- Opening Delimiter -

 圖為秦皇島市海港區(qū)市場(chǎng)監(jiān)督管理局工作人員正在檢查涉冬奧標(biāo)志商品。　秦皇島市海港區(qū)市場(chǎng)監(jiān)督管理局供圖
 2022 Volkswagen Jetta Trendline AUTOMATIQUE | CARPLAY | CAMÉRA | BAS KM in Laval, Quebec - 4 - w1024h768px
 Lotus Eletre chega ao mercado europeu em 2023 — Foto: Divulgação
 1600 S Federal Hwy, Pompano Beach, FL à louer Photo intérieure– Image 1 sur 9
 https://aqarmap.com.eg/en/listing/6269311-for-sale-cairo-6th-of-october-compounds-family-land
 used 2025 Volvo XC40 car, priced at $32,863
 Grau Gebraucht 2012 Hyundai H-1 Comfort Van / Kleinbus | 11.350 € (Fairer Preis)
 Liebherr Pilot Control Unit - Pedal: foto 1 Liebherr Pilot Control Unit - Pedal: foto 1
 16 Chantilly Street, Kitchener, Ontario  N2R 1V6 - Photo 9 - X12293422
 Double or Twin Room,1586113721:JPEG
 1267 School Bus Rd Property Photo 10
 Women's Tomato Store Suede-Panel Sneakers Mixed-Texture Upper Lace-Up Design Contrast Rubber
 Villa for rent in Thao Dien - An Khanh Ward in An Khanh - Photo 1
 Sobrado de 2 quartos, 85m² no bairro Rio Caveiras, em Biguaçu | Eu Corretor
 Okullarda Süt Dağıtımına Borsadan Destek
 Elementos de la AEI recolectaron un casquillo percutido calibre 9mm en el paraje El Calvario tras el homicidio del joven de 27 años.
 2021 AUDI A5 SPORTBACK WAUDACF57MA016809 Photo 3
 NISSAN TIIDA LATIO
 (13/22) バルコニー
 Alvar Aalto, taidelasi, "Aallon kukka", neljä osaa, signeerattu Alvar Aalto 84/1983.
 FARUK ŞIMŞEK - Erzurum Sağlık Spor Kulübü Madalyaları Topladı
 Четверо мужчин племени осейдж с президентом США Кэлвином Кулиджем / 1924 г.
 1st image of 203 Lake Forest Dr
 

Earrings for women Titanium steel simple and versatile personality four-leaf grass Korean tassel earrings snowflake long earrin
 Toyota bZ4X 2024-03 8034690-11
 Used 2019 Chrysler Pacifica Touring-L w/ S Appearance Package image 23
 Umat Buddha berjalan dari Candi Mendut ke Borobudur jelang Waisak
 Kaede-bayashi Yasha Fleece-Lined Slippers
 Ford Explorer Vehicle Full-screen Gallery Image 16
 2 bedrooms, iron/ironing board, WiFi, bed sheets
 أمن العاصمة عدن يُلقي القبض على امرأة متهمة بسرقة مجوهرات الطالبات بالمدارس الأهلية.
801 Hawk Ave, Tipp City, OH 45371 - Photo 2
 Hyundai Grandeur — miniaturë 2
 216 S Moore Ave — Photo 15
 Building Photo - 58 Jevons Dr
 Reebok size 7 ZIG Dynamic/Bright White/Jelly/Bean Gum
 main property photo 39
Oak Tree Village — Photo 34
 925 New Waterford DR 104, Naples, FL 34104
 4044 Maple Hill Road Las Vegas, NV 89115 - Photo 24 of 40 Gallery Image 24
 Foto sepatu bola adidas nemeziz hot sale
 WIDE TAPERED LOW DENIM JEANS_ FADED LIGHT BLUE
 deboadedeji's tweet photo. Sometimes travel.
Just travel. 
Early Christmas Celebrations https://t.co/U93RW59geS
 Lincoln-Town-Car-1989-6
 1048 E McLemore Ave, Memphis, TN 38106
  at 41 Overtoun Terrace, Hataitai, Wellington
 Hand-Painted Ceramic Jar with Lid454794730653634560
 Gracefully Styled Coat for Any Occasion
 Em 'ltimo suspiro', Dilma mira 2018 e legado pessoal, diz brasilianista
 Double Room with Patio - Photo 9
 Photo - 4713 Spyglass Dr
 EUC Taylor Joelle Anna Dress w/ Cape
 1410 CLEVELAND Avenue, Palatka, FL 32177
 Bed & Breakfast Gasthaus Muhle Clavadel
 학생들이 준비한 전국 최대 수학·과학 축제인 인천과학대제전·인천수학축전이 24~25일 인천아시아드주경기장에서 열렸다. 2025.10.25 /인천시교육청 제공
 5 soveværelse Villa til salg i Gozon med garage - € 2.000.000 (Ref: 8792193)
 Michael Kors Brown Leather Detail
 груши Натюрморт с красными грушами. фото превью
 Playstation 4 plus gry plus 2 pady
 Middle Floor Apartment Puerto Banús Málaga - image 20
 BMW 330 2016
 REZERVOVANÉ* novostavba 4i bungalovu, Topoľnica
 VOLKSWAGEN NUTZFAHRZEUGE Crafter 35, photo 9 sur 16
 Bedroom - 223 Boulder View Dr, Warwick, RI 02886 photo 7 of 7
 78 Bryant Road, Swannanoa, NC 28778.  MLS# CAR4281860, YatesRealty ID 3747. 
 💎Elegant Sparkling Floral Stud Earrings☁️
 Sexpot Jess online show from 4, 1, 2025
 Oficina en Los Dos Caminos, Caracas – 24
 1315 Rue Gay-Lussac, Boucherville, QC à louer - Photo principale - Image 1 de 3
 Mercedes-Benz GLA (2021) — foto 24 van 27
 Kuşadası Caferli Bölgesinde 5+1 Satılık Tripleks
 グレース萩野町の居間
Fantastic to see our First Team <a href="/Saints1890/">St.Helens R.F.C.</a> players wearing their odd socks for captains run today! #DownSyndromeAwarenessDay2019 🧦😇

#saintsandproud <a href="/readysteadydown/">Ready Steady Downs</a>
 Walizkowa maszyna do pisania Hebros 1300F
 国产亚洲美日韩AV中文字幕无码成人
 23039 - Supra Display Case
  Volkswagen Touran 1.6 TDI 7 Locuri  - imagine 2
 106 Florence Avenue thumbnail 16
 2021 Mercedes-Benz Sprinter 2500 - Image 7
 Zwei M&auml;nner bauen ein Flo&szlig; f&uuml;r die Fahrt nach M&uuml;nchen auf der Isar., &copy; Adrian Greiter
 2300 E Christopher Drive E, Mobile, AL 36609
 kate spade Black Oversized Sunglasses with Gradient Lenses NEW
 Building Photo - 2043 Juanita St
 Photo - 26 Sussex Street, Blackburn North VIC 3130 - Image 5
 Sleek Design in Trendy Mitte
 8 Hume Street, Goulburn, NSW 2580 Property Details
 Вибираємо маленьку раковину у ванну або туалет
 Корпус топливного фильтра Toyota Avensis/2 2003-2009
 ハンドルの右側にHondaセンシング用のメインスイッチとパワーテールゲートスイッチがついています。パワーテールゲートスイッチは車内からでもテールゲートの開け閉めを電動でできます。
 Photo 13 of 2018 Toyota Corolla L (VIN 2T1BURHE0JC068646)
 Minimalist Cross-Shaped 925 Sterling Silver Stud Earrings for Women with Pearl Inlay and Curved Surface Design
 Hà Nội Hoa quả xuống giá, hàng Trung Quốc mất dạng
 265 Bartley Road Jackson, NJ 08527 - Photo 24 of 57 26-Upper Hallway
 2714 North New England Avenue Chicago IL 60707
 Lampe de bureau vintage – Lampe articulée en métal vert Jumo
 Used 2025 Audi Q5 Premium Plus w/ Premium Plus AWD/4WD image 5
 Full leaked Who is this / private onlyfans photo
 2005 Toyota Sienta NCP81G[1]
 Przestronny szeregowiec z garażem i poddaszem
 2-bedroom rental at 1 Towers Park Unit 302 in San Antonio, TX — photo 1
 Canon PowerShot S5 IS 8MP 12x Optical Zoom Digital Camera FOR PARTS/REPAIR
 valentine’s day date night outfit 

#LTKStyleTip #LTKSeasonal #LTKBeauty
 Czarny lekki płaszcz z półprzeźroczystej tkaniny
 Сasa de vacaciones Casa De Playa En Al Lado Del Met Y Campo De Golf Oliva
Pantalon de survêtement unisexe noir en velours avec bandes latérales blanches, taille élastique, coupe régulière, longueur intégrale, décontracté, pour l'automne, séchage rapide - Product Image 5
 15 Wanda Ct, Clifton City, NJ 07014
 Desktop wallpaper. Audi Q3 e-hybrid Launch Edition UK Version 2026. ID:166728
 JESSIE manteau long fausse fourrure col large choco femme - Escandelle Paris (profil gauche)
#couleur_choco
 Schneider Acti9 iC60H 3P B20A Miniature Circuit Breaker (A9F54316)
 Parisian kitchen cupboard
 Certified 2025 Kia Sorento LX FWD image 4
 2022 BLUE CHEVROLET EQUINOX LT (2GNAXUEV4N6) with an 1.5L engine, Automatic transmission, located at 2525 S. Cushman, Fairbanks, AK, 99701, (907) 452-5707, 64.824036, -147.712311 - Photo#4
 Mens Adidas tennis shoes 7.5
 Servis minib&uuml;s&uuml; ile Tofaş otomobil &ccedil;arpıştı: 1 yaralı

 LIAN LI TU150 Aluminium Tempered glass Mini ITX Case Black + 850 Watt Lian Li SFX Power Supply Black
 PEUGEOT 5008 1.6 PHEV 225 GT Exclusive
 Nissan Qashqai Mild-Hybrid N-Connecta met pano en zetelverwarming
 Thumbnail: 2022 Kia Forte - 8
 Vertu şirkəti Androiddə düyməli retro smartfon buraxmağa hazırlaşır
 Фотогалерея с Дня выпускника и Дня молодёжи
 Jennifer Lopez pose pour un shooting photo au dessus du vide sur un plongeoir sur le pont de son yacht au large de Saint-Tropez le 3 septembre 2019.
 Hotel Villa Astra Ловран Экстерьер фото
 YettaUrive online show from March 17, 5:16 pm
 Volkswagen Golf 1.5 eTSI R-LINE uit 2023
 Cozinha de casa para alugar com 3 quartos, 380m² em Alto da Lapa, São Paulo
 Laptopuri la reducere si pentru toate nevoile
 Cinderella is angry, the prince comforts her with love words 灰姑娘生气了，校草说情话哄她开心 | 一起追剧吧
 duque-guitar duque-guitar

- Closing Delimiter -

**TASK INSTRUCTIONS:** What you return must be the lines above that run from the line with "Building Photo - 58 Jevons Dr" to the line with "WIDE TAPERED LOW", inclusive, each copied exactly.

**THE ANSWER:**
 Building Photo - 58 Jevons Dr
 Reebok size 7 ZIG Dynamic/Bright White/Jelly/Bean Gum
 main property photo 39
Oak Tree Village — Photo 34
 925 New Waterford DR 104, Naples, FL 34104
 4044 Maple Hill Road Las Vegas, NV 89115 - Photo 24 of 40 Gallery Image 24
 Foto sepatu bola adidas nemeziz hot sale
 WIDE TAPERED LOW DENIM JEANS_ FADED LIGHT BLUE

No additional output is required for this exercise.